(PROVIDED MATERIAL)
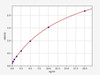 Human APC (activated protein C) ELISA Kit (AEFI01843)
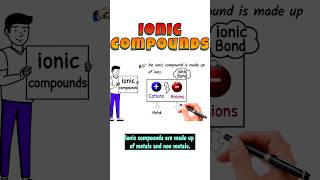 what are ionic Compounds ioniccompound ionicbond ioniccompounds ionic shorts short viral [upl. by Remat]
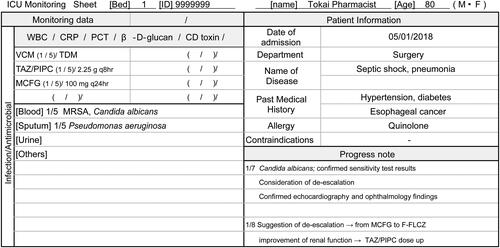 Figure 1. Monitoring sheet by organ system in the intensive care unit, and examples of descriptions (partial excerpt). This sheet was created to enable systematic evaluation of drug therapy by organs. It allows for the checking of antimicrobial drug type and dose, bacterial detection, and inflammatory markers related to infection. By sharing monitoring points for each patient among ICU pharmacists, early AS can be implemented. ICU: Intensive care unit, WBC: White blood cell, CRP: C-reactive protein, PCT: Procalcitonin, CD: Clostridioides difficile, VCM: Vancomycin, TDM: Therapeutic Drug Monitoring, TAZ/PIPC: Tazobactam/Piperacillin, MCFG: Micafungin, MRSA: methicillin‐resistant Staphylococcus aureus, F-FLCZ: Fosfluconazole.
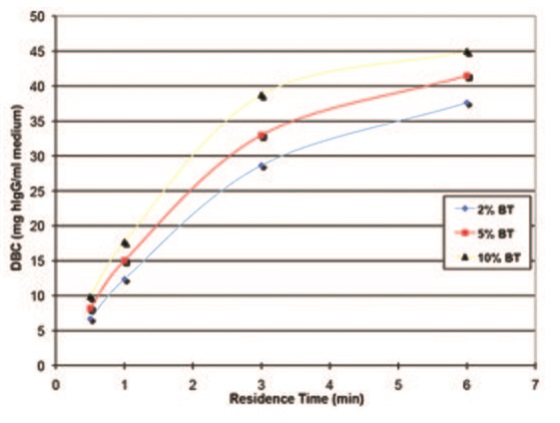 Repligen CaptivA® Protein A Affinity Resin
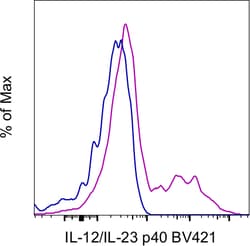 Invitrogen&trade;&nbsp;IL-12/IL-23 p40 Monoclonal Antibody (C8.6), Brilliant Violet&trade; 421, eBioscience&trade;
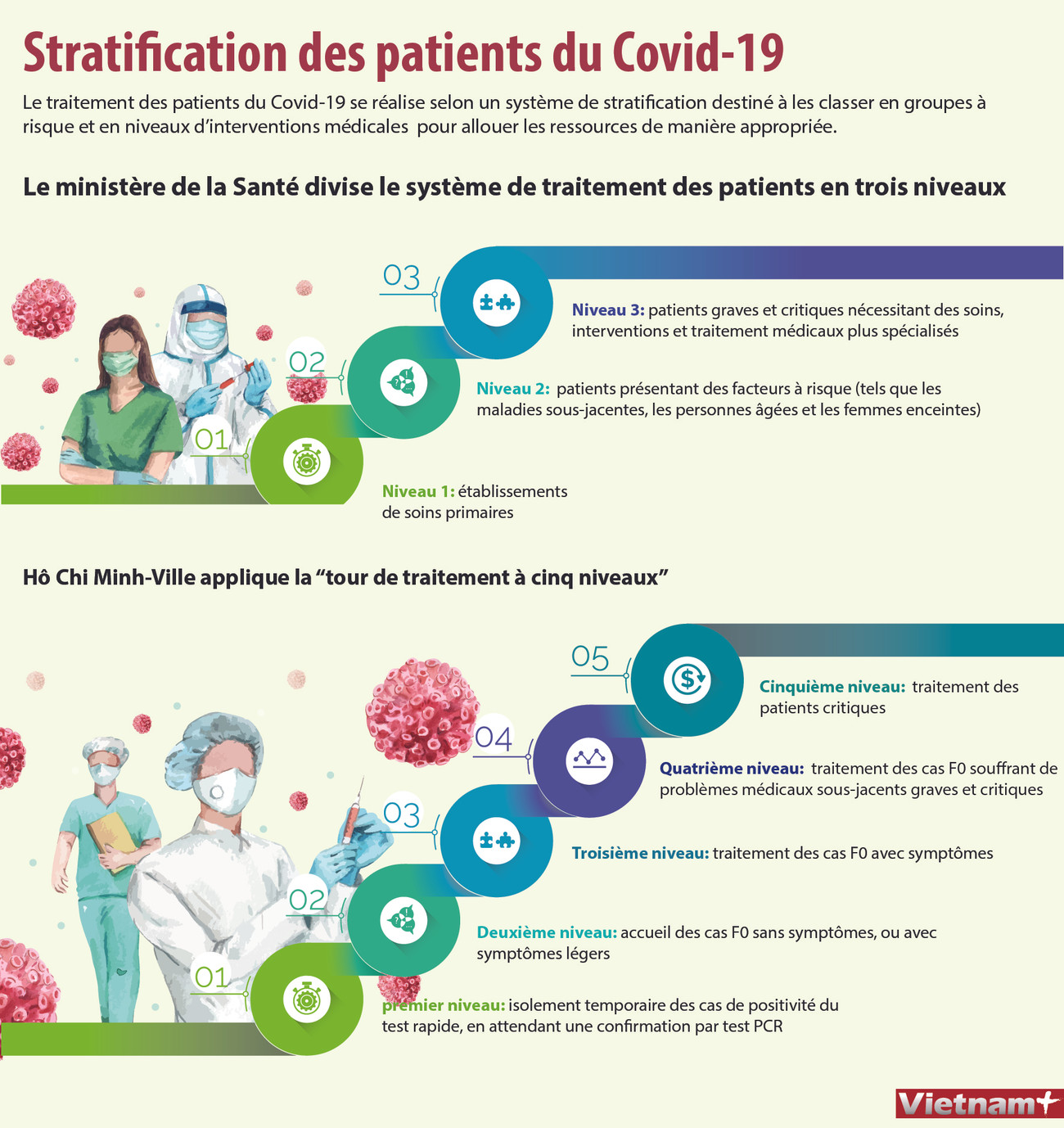 Stratification des patients du Covid-19 ảnh 1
(End PROVIDED MATERIAL)
WHAT YOU ARE ASKED TO DO: The answer should consist solely of the lines from the one containing "Repligen CaptivA® Protein A Affinity Resin" through the last line of the material, copied exactly, with pictures left out.

RESPONSE TO THIS TASK:
 Repligen CaptivA® Protein A Affinity Resin
 Invitrogen&trade;&nbsp;IL-12/IL-23 p40 Monoclonal Antibody (C8.6), Brilliant Violet&trade; 421, eBioscience&trade;
 Stratification des patients du Covid-19 ảnh 1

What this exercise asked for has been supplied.